Muti, CSO serve up yet more Verdi before the veal and vichyssoise

Sun Sep 22, 2013 at 12:14 pm

By Michael Cameron

Music of Giuseppe Verdi was performed by Riccardo Muti and the CSO at the Gala Ball concert Saturday night.
Music of Giuseppe Verdi was performed by Riccardo Muti and the CSO at the Gala Ball concert Saturday night.

The Chicago Symphony Orchestra began its first week of the fall season with three local events, but the venues and audiences could hardly have been different.

The official opener Thursday at Symphony Center featured an exuberant mix of Verdi and Brahms, after a performance Wednesday at Morton East High School in Cicero. The latest installment in their Citizen Musician initiative, this concert tapped into a younger suburban audience, and included a collaboration with members of the Morton East Choir.

On Saturday night, the attire of the CSO faithful morphed from Hollister t-shirts to Hermés handbags for the annual Women’s Board Symphony Ball. If the mid-week event was an investment in the audiences of the future, the Gala addressed today’s bottom line, earning a cool $1.2 million for the orchestra’s coffers.

While there is a good deal of overlap in the CSO’s first few programs of the season, the focal point is the music of Verdi, who (in case you hadn’t heard) is enjoying a thorough world-wide celebration on the occasion the 200th anniversary of his birth.

Muti is widely regarded by press and publicists as the world’s most authoritative Verdi interpreter—heady kudos indeed, but fully justified by his memorable residency in Chicago. His acclaimed 2011 CSO and CSO Chorus performances of the Messa da Requiem spawned a recording that earned two Grammies, and the just-released disc of Otello is likely to earn similar plaudits. The Requiem returns to the stage for a much-hyped live webcast October 10. But the gaze of most Verdi aficionados is firmed fixed to four upcoming performances of Macbeth.
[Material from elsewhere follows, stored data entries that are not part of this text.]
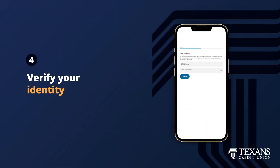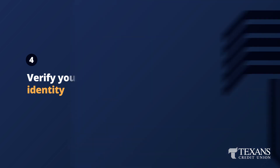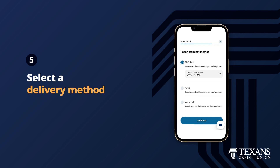Next, you will verify your identity by entering in personal information associated with your account. Once entered, tap Continue. Select a delivery method to receive a temporary passcode, then select Continue.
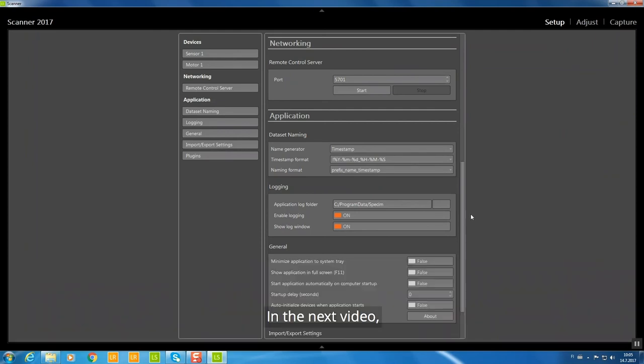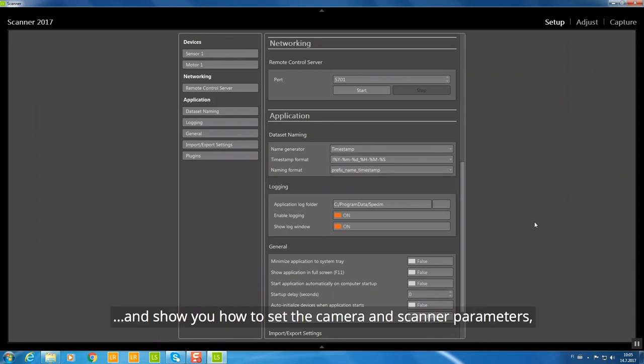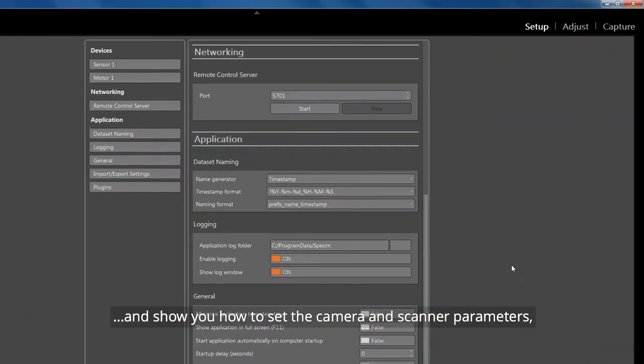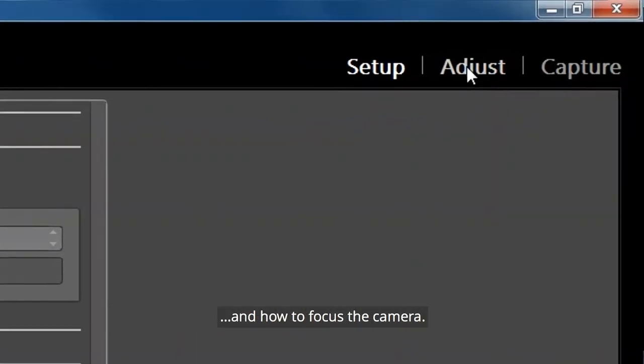In the next video, we will introduce you to the Adjust view and show you how to set the camera and scanner parameters, and how to focus the camera.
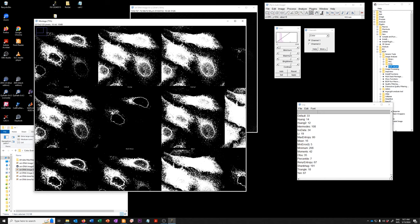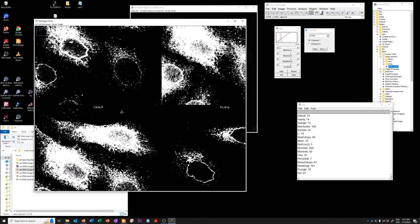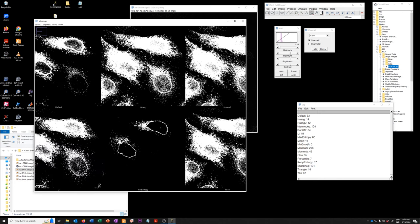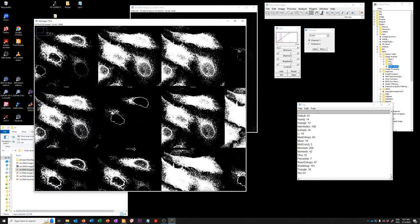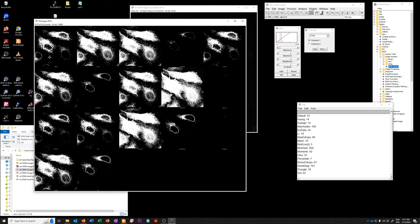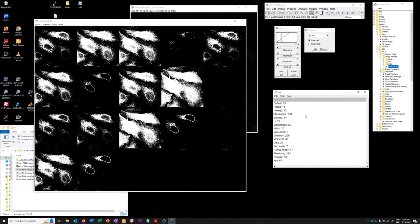It says if you zoom in you can see it says default Huang, Huang2, maximum entropy etc etc. So you can see the results of the different methods and then you can see the intensities that were calculated for each of those. And so this is a nice way of exploring.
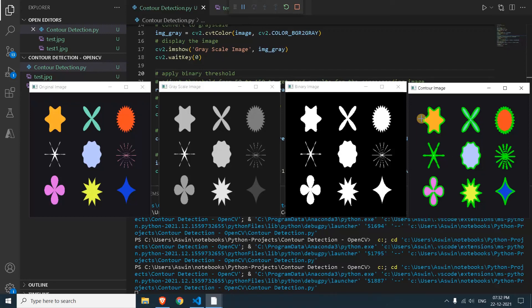This is how you can detect contours using OpenCV. And you can also try various algorithms around. And that's it guys. If you like this video hit the like button and I'll see you guys in the next video.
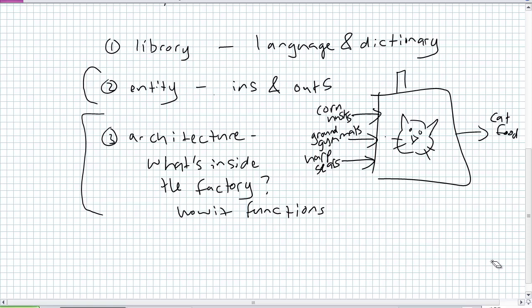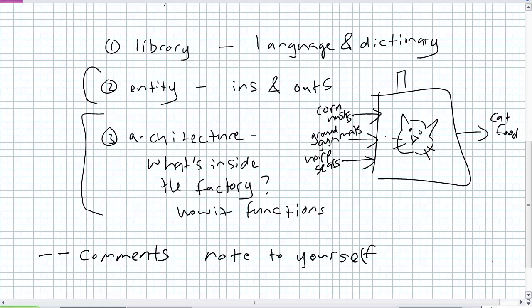Before going into entity and architecture statements, let's talk about comments in VHDL. A comment uses double dashes (--), placed to the left. You can write notes to yourself — like 'I am ANDing this and ORing that, which will produce a result fed to this.' Comments are like a time capsule: you design something, come back two years later and wonder what you were thinking — and the comments tell you.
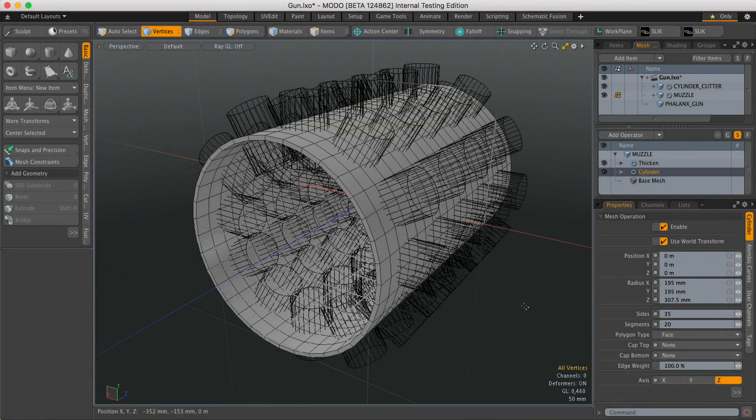Hi, this is Andy Brown from the Foundry with another Modo Quick Clip video. So in this video we're going to be looking at the procedural Boolean tool.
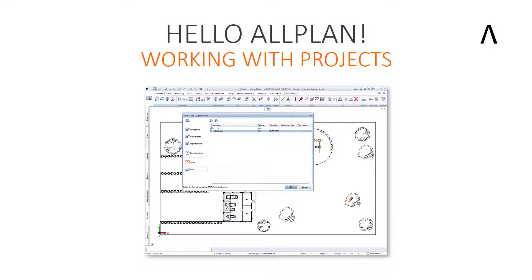In this video, you will learn how to create backups of projects, copy projects, delete projects, and import projects.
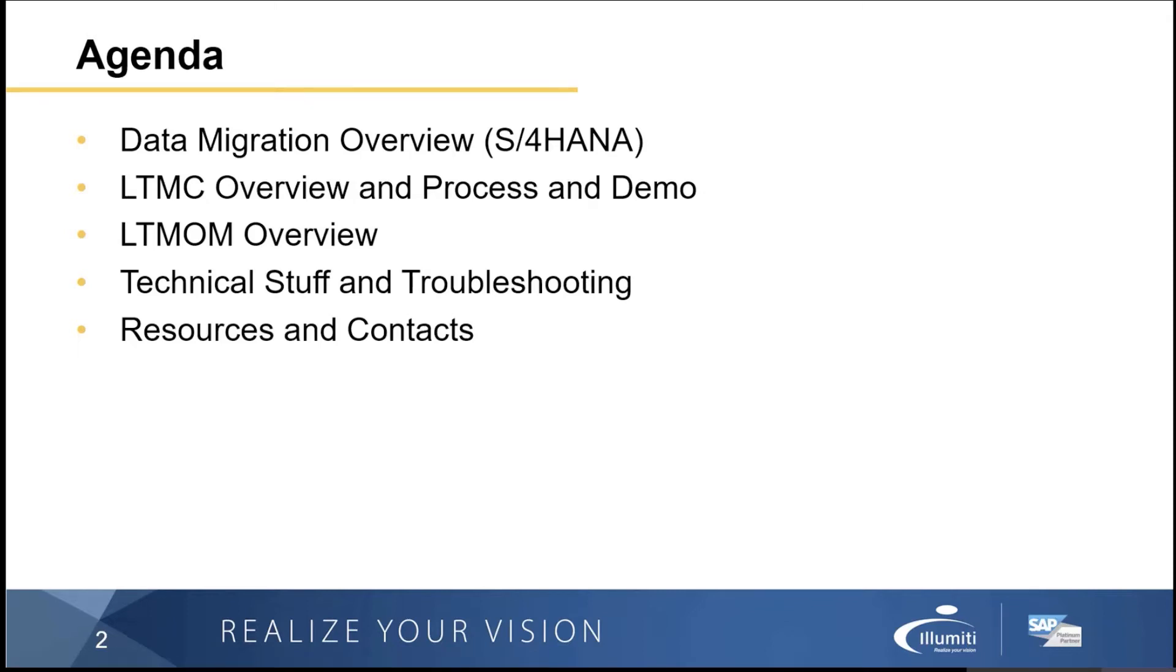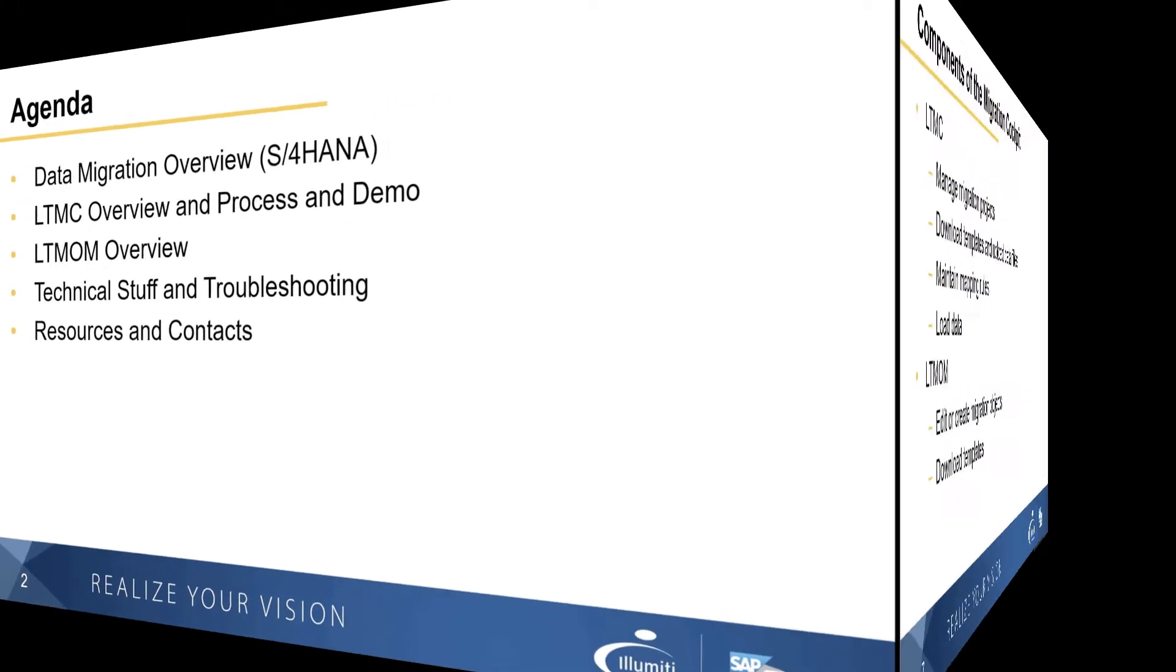The agenda, what I'm going to cover: a little bit about the data migration overview in S/4HANA, what these tools are, what they do, what the capabilities are, how SAP recommends that you use these tools. There's some different options within them.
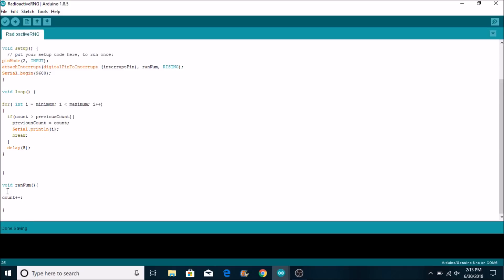Now as soon as the Geiger click happens the interrupt is going to trigger. It's going to run this. It's going to add one plus to the count. Now as soon as one plus is added to the count, this if statement will trigger and it will print i which is what the for loop is on at that exact moment when the Geiger click happened. And then it will break the for loop which means it will basically exit the for loop and then restart it again at the first number.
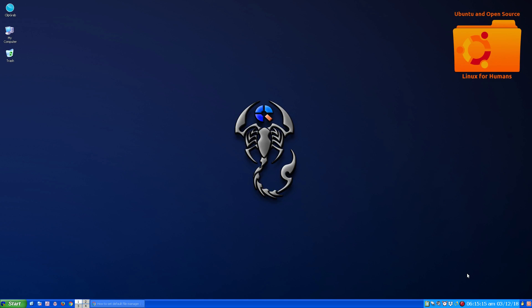Hello, how are you doing today again? Welcome to another episode of Ubuntu and Open Source.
Saturday night’s 70-minute program contained riveting performances of two excerpts from the opera, enough to whet the appetite for the main event. There are few chances to indulge in Verdi’s purely orchestral music outside of the overtures, and the maestro and his forces made a strong case for the Ballet Music as dramatically indispensable, and not mere ear candy for his Parisian audiences.

The arc of the narrative was easy to conjure, and details of the composer’s underrated orchestration skills were everywhere apparent. The trombone choir’s somber opening incantations and Mathieu Dufour’s playful and beguiling flute solo were just two of many treats leading to the final grotesque, whirling waltz. After the evocative, sparely scored opening bars the CSO chorus delivered a poignant reading of “Patria oppressa,” a dirge for fallen compatriots.

In a CSO first performance, the men of the chorus delivered a virile account of “Si ridesti de Castiglia” from Ernani, a solemn vow for battlefield revenge. Soprano Barbara Frittoli and bass Luca Dall’Amico were utterly compelling as Father Superior and Leonora, and concertmaster Robert Chen gave a radiant account of Leonora’s theme.

The overture to Nabucco, Verdi’s first important stage victory, was vigorous and fleet, betraying a hint of the devious charm of Rossini. And no homage to the composer would be complete without “Va, pensiero” from the same opera, Verdi’s ode to his homeland, spontaneously intoned by mourners at the composer’s funeral, and given a sweetly understated performance for Symphony Center’s well-heeled faithful.